Archives » Recherches et publications

ToutEduc met à la disposition de tous les internautes certains articles récents, les tribunes, et tous les articles publiés depuis plus d'un an...

Qu’est-ce qu’on attend pour lire aux bébés? (article scientifique)

Paru dans Petite enfance, Scolaire, Périscolaire, Culture le lundi 27 janvier 2020.

"Qu’est-ce qu’on attend pour lire aux bébés?" demande Cécile Boulaire (université de Tours) qui propose une synthèse de l'histoire de la lecture aux tout petits aux USA, en France et dans plusieurs pays européens sur le site "Album 50".

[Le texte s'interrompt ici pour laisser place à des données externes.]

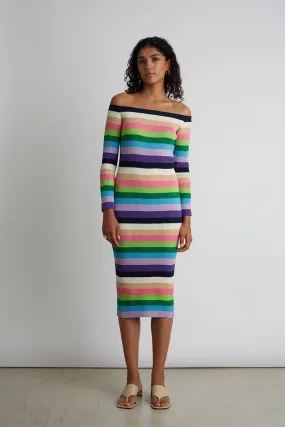 MALI DRESS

En 1979 en France, un colloque est consacré à l’apprentissage de la lecture à l’école et trois psychiatres et psychanalystes, René Diatkine, Tony Lainé et Marie Bonnafé dressent à cette occasion le constat "que les difficultés des enfants qu’ils reçoivent en thérapie sont notamment liées à un déficit d’histoires entendues : les enfants ne disposent pas de la 'langue du récit' qui permet de se repérer dans une histoire, puis de se raconter soi-même, enfin d’entrer dans les apprentissages et dans la lecture". Ils créent ACCES, Actions culturelles contre les exclusions et les ségrégations et en 1982, "les animatrices lecture d’ACCES arrivent dans les PMI, dans les squares et les cours d’immeuble, avec leurs albums, et s’installent pour raconter".

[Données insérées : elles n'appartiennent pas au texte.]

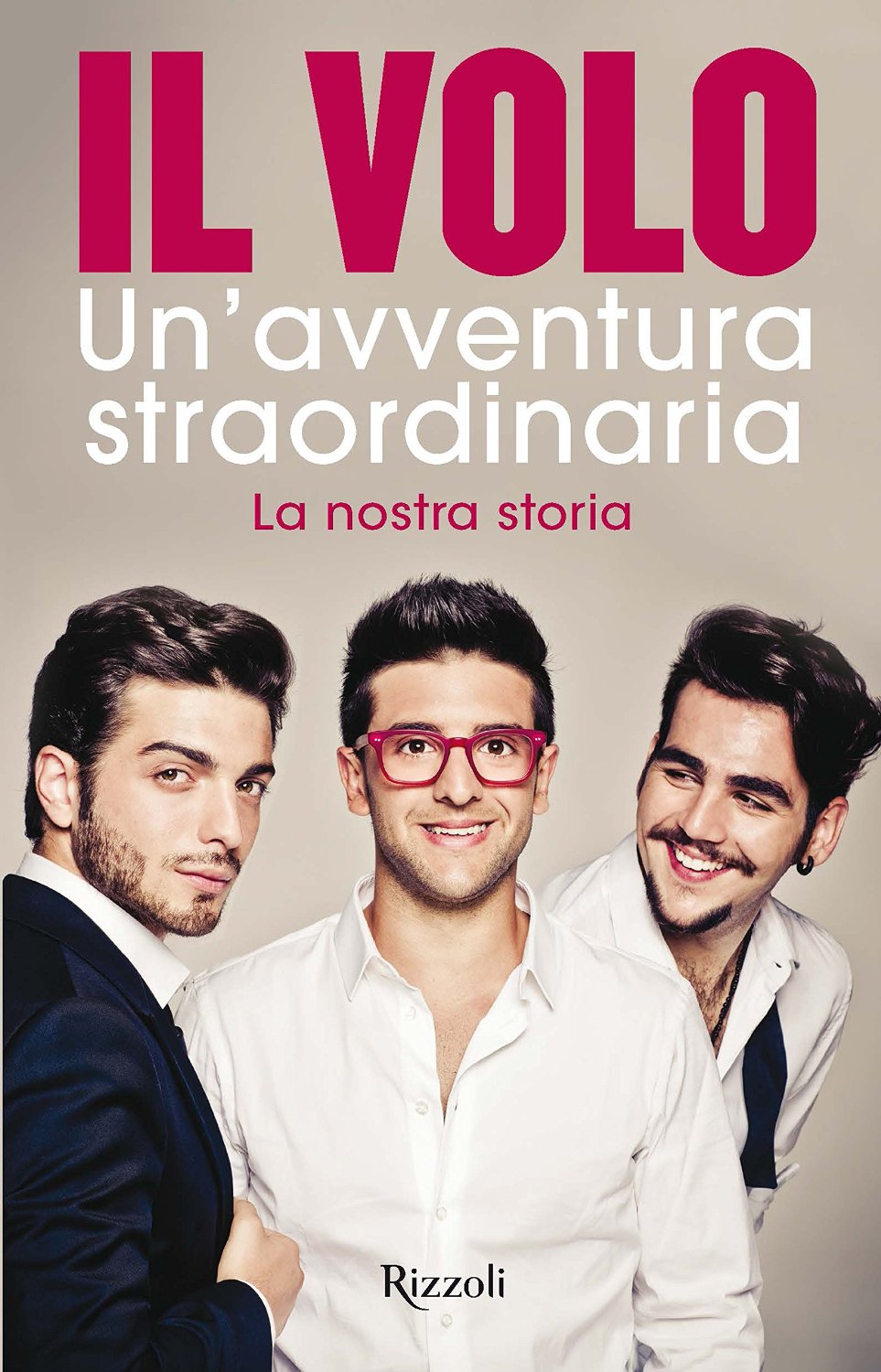 IL VOLO UN’AVVENTURA STRAORDINARIA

Aux Etats-Unis, à Boston, en 1989, deux pédiatres et une éducatrice de jeunes enfants "imaginent un dispositif inédit pour lutter contre les problèmes croissants d’accès à la culture écrite et d’illettrisme, notamment dans les familles pauvres". Ils inventent "Reach Out and Read" (tends la main et lis) : "Il s’agit de coupler prévention et suivi médical d’un côté, acculturation au livre et à l’écrit de l’autre, tout au long du suivi pédiatrique des jeunes enfants accompagnés de leurs parents."

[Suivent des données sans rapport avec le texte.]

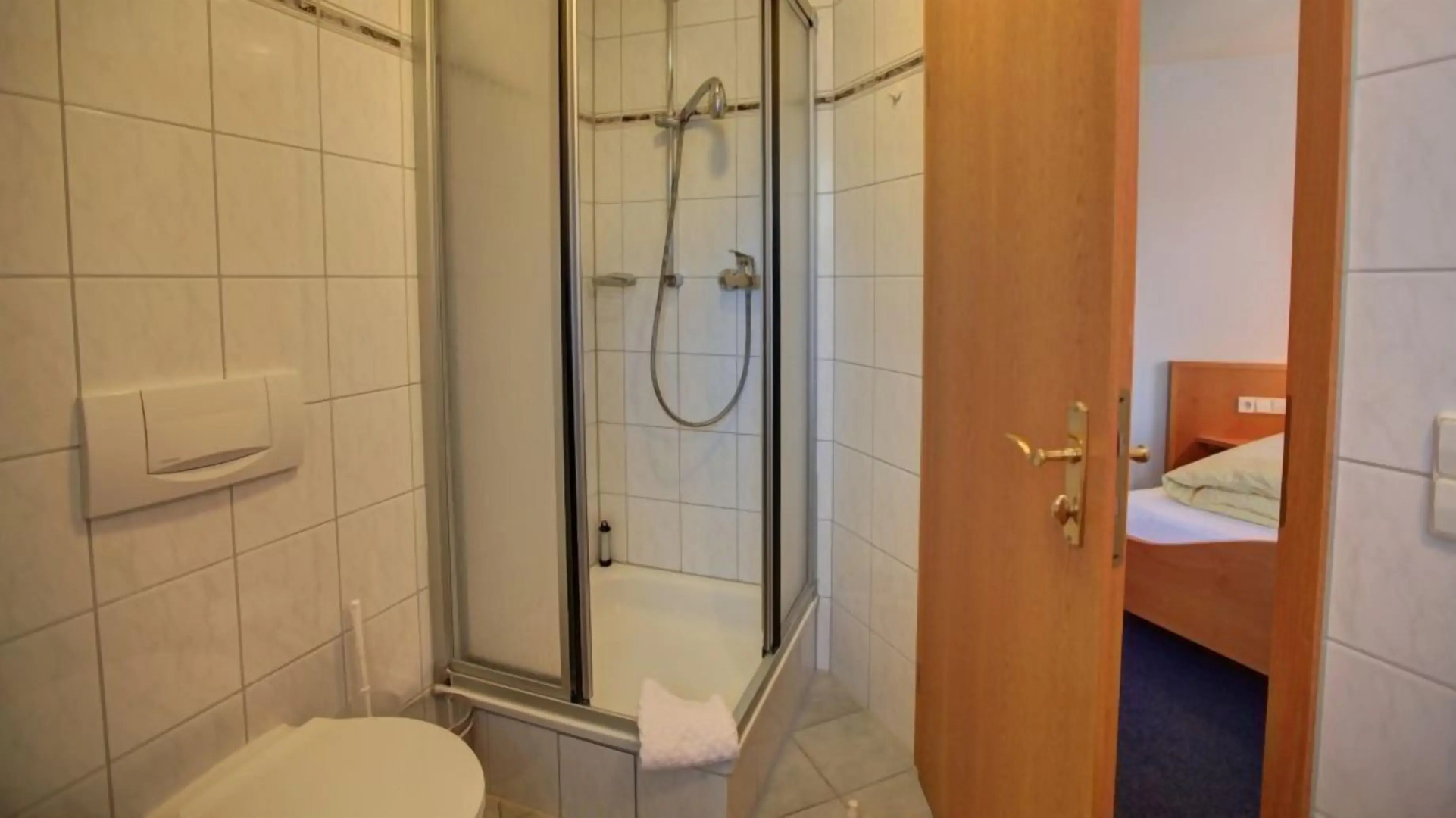 Gasthaus zum Hirschen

Les deux démarches présentent des similitudes, mais "le constat américain émane de pédiatres qui exercent dans des hôpitaux, et assurent le suivi ordinaire des jeunes enfants. L’initiative française vient de la psychiatrie de l’enfant et de l’adolescent, qui plus est, de sa branche désaliéniste (post-Guattari et Deligny) imprégnée de psychanalyse. L’initiative américaine s’adressera à des pédiatres et prendra pour cadre des dispositifs de suivi médical du jeune enfant qui existent déjà : il s’agira simplement de leur ajouter une composante. L’expérimentation française nécessitera l’intervention d’animatrices au statut associatif, sans blouse blanche ni stéthoscope, qui devront se faire une place dans des lieux et au sein de dispositifs où on ne les attend pas : tout est à inventer."

Un consensus européen

Aux USA, le programme se développe et compte aujourd'hui 6 200 lieux d’implantation ; "7 millions d’albums ont été distribués gratuitement à plus de 4,8 millions d’enfants", il est soutenu l’American Academy of Pediatrics et fait l'objet d' "une abondante production scientifique, internationalement consultée", ce qui convainc d’autres pays d’imiter le programme. C'est Bookstart au Royaume-Uni en 1992, Nati per Leggere en Italie en 1999, le consortium EUread créé en 2000 alors que se dessine en Europe "un consensus en faveur d’une politique d’exposition précoce à la lecture. La responsabilité en est reprise en 2014 par la Stiftung Lesen, fondation allemande. "Le réseau comprend des organisations d’importance nationale, européenne et internationale telles que Booktrust (porteur de Bookstart) et Beanstalk (un équivalent anglais de l’association française Lire et faire lire) à Londres, Stichting Lezen à Anvers, Stichting Lezen à Amsterdam et Stichting Lezen et Schrijven (une association de lutte contre l’illettrisme, rappelant les valeurs de l’ANLCI) à la Haye, Leseforum Südtirol à Bolzano, Buchklub der Jugend à Vienne, Plano Nacional Die Leitura à Lisbonne, Foreningen !les à Oslo, Svět Knihy à Prague et l’Institut suisse des médias pour l’enfance et la jeunesse à Zurich", etc.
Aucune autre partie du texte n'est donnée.